# Cross-compile on FreeBSD PPC64 for OSX PPC(64)?



## barracuda156 (Dec 13, 2021)

If anyone has a practical experience, please advise me.

I am a Mac user for past 20 years, and at the moment I am trying to build some modern open-source software to run on my G5 Quad under 10.6 PPC. Most of it does build (I use Macports for that). However some fail, including software that I would really want to have on it (for example, RStudio and one or the other implementation of Stan).
The problem seems to be two-fold: 1) gcc8 and later fail to build on 10.5.8 and 10.6 PowerPC with Bus errors, no solution found so far (and no recent clang builds); 2) Xcode 3.2 does not support some modern features (for instance I get errors with ibtool and XIBs).

Then I tried to build a cross-compiler on an Intel Mac with Catalina and Xcode 12.4 that could compile PowerPC code against 10.5 and 10.6 SDKs (XcodeLegacy project makes that possible in principle). That ran into some errors which are of unclear nature.

So I start considering alternatives, and an immediate one seems to be FreeBSD which supports PPC and PPC64 and has some similarities with OSX (for which reason I prefer it over any Linux). Could this possibly work?

P. S. While I might as well just have FreeBSD as a second system for using required scientific software like R with Stan, this is a fallback option, since some software that I also use does not exist for Unix at all (think of Adobe). Rebooting from one to another is certainly doable, but inconvenient.


----------



## msplsh (Dec 13, 2021)

You can't run the OS X toolchain on FreeBSD.  You will need to solve your errors of "unclear nature."


----------



## barracuda156 (Dec 13, 2021)

msplsh said:


> You can't run the OS X toolchain on FreeBSD.  You will need to solve your errors of "unclear nature."



Yeah, of course, but toolchains to cross-compile for OSX certainly do exist: https://github.com/tpoechtrager/osxcross


----------



## msplsh (Dec 13, 2021)

Is the question then "does that even work?" because the answer is going to be "it depends on the project."  If you think the mere existence of the cross compiler will solve your problem, then go ahead and try it? 

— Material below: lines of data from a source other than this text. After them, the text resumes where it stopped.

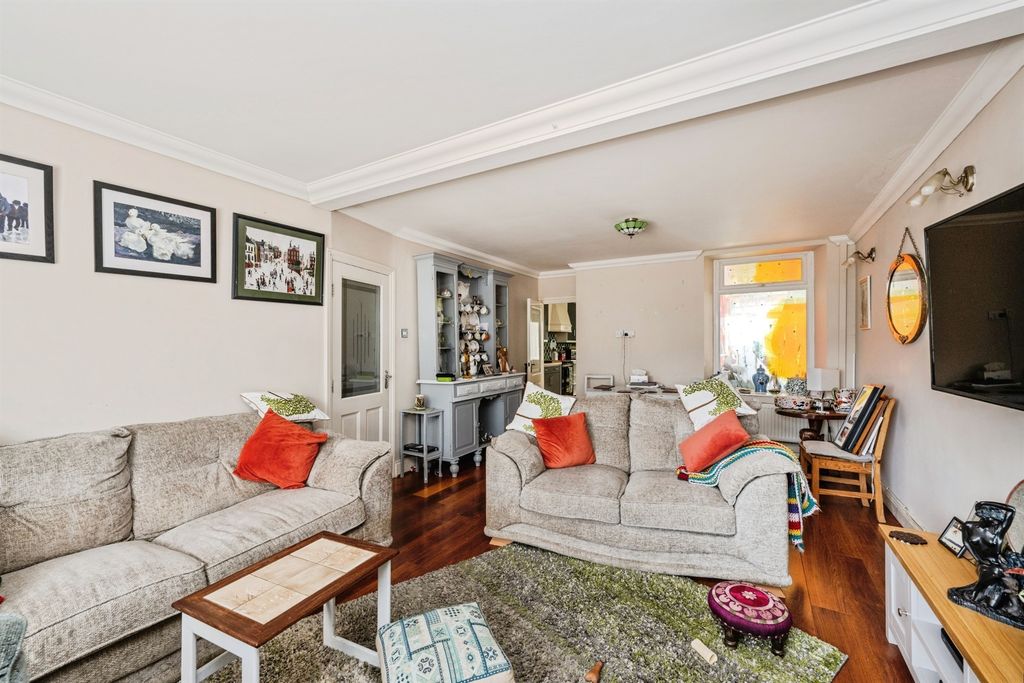 Property photo 3 of 19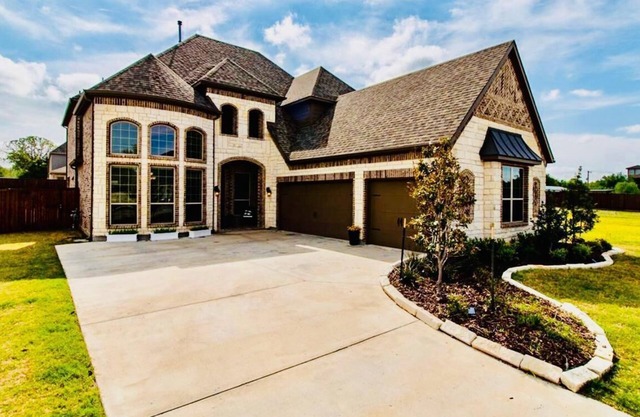 Luxury 4BR/5BA House - Elegance & Comfort Combined, GREAT Family place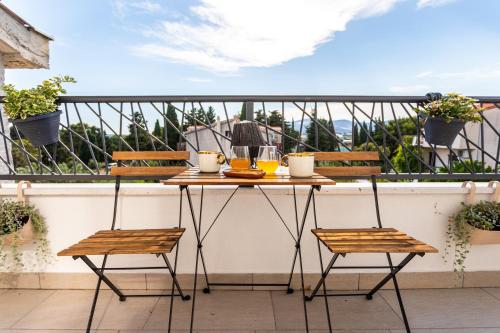 Studio Petar with private parking and balcony near the beach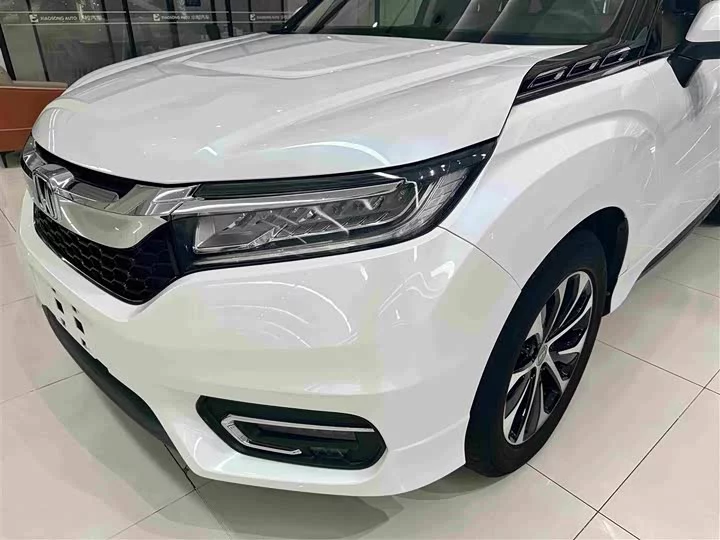 Honda Crown Road
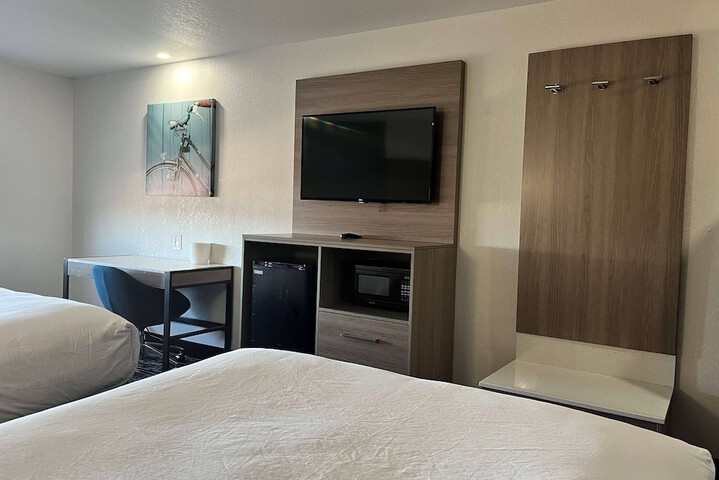 2 Queen Beds (8 of 14)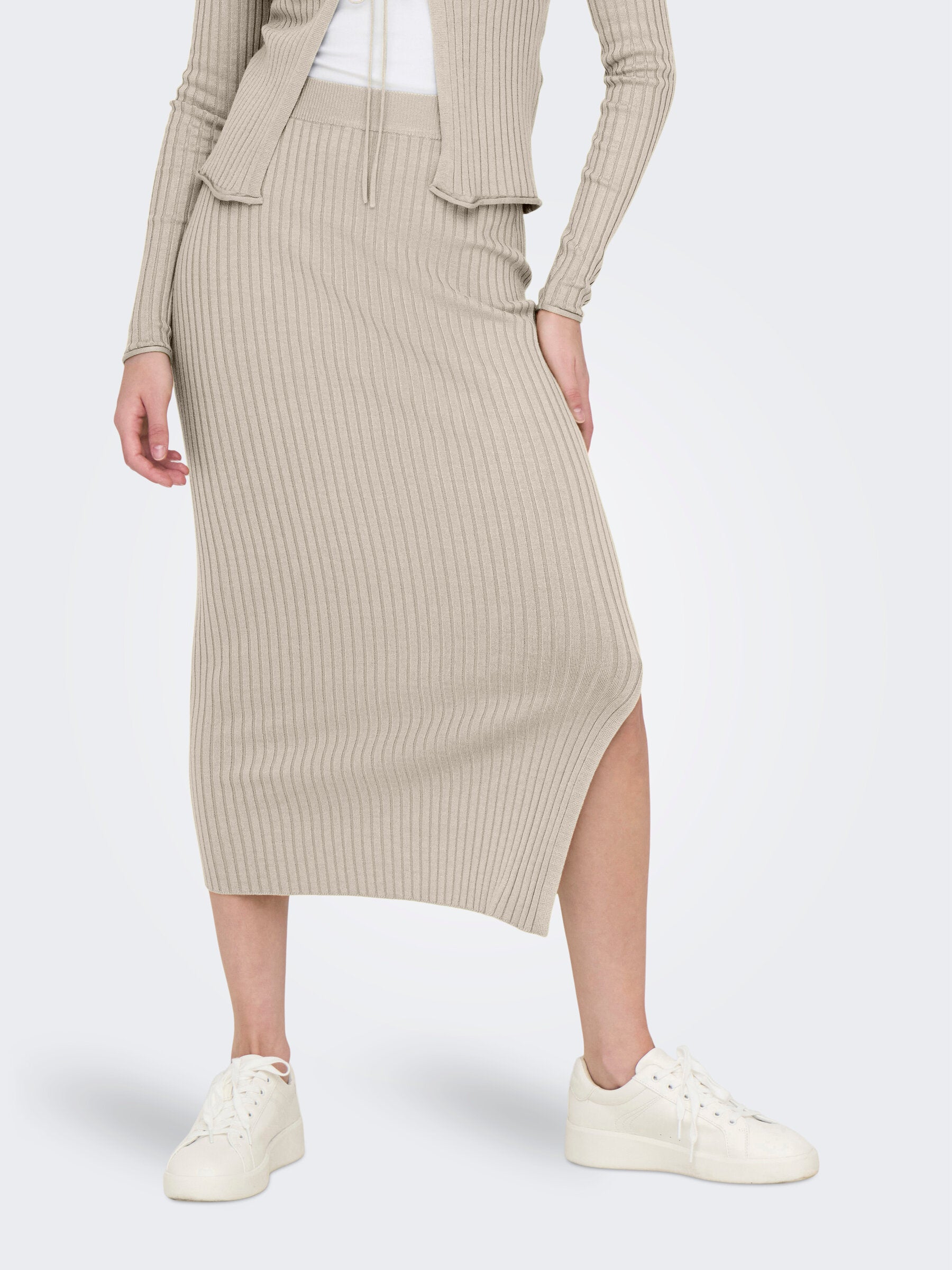 Beiger Rippstrickrock in der Farbe Birch von Only in Midi-Länge, Produktaufnahme ohne Modell, elastischer Bund.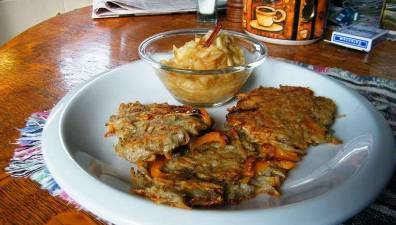 Latkes with homemade applesauce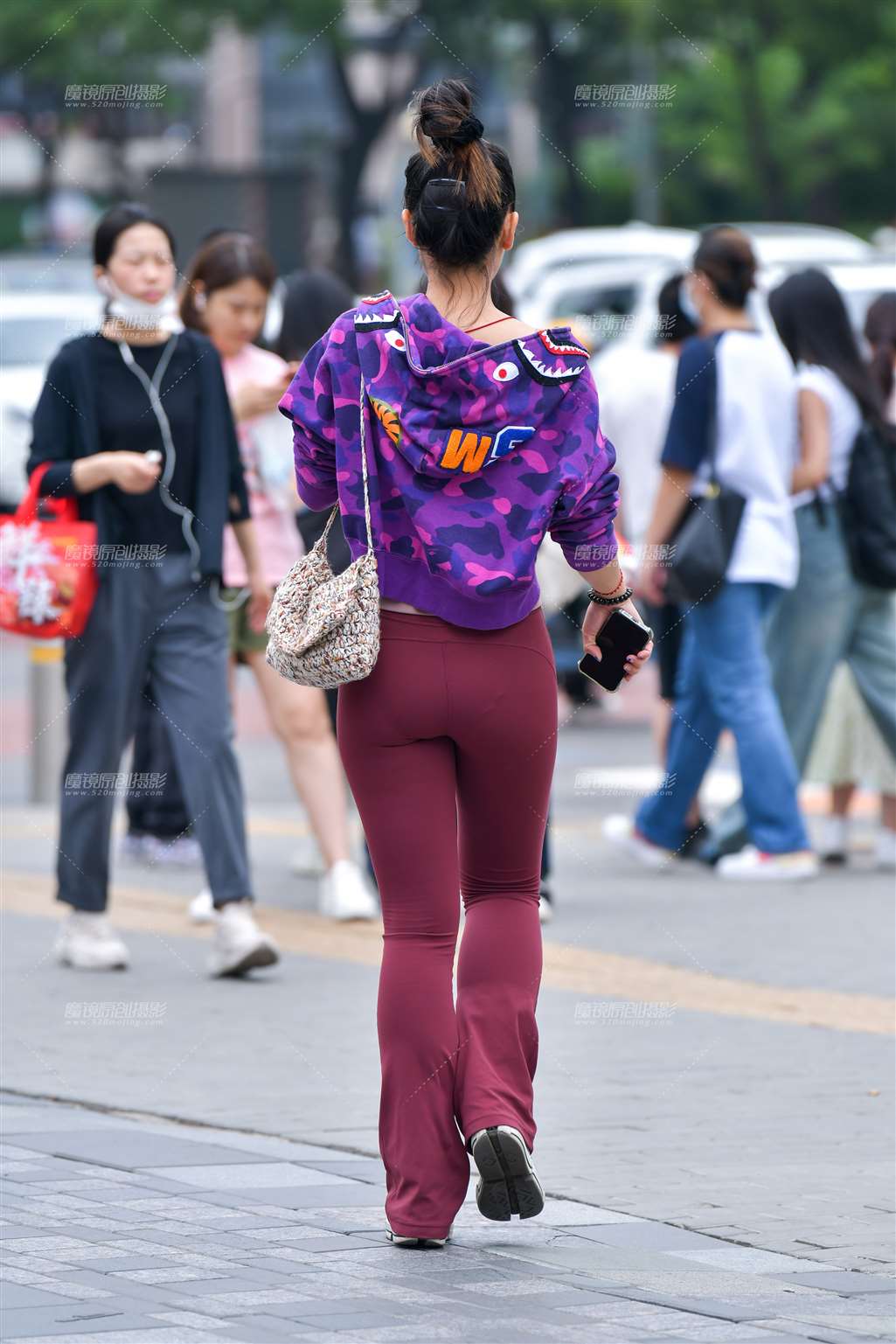 图片[2]-蓝指甲红紧身裤美女-流行馆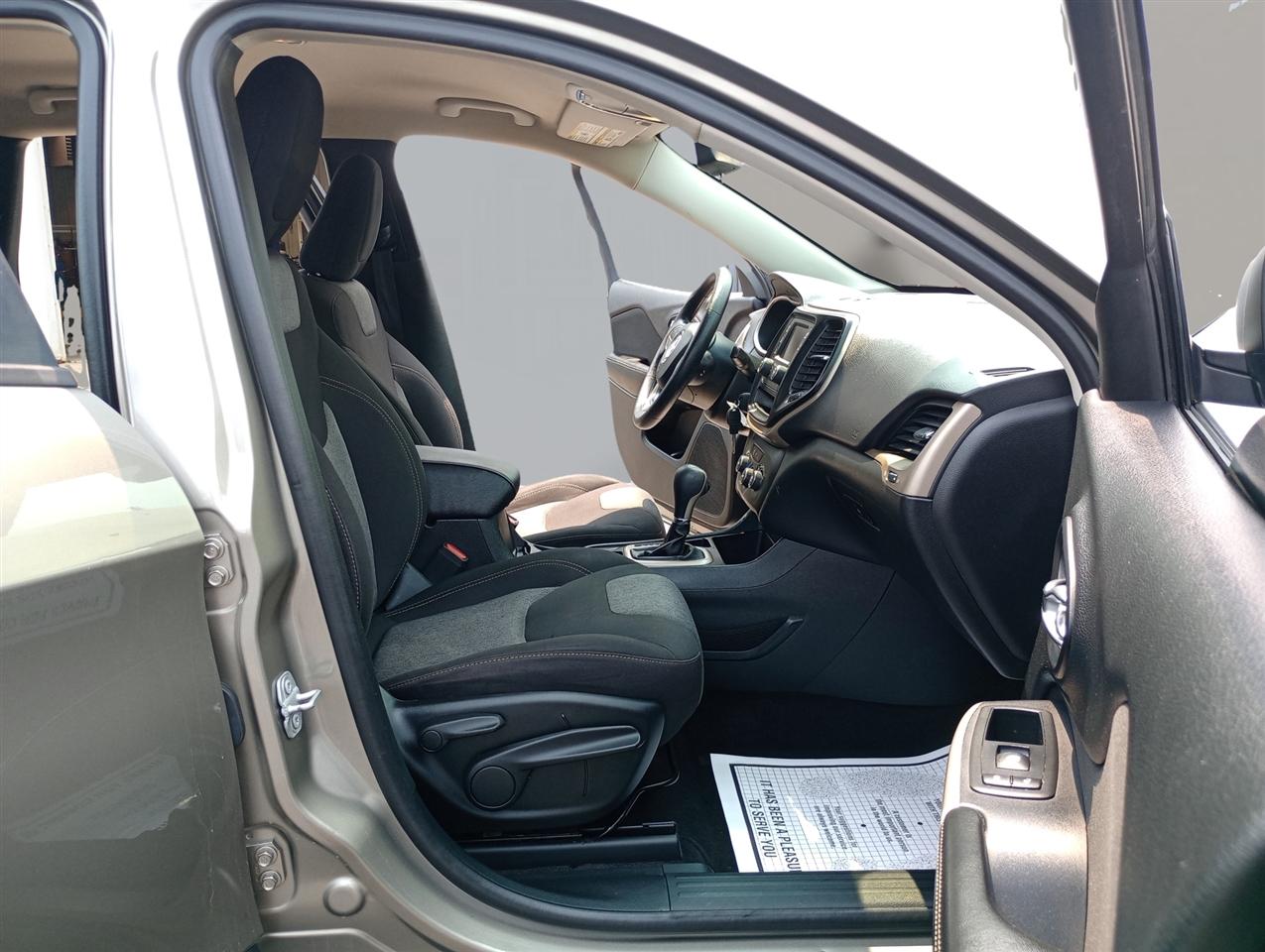 JeepCherokee11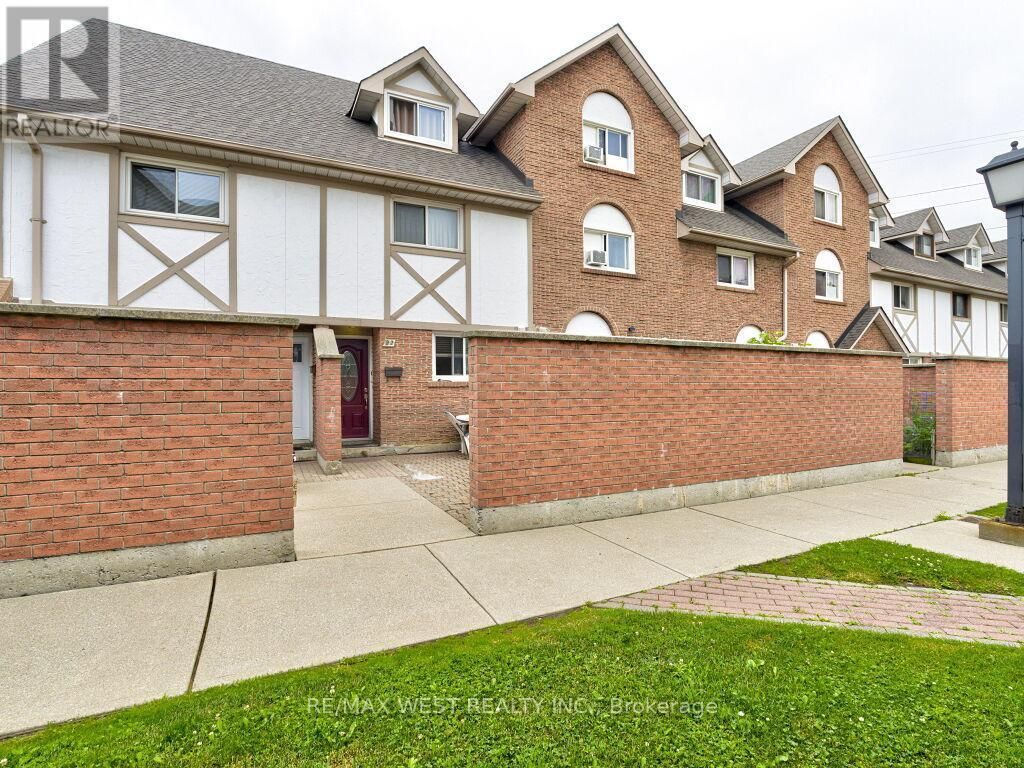 22 - 83 Irwin Road, Toronto (elms-Old Rexdale)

You could try an earlier, but still deprecated, toolchain like 4.6.2 for 10.8 depending on what is the earliest version of OS X your Intel Mac will accept.

If these are open source projects, you may need to consider that the projects dropped support for 10.6 PPC for a reason, and that may be because they require more work than some tweak tips from a FreeBSD forum.  The project might require an API that doesn't even exist on the platform you're attempting to compile against and making a shim could be an incredible amount of work.


----------



## Alain De Vos (Dec 13, 2021)

Big chance that cross will not work because of slightly different or not updated versions.


----------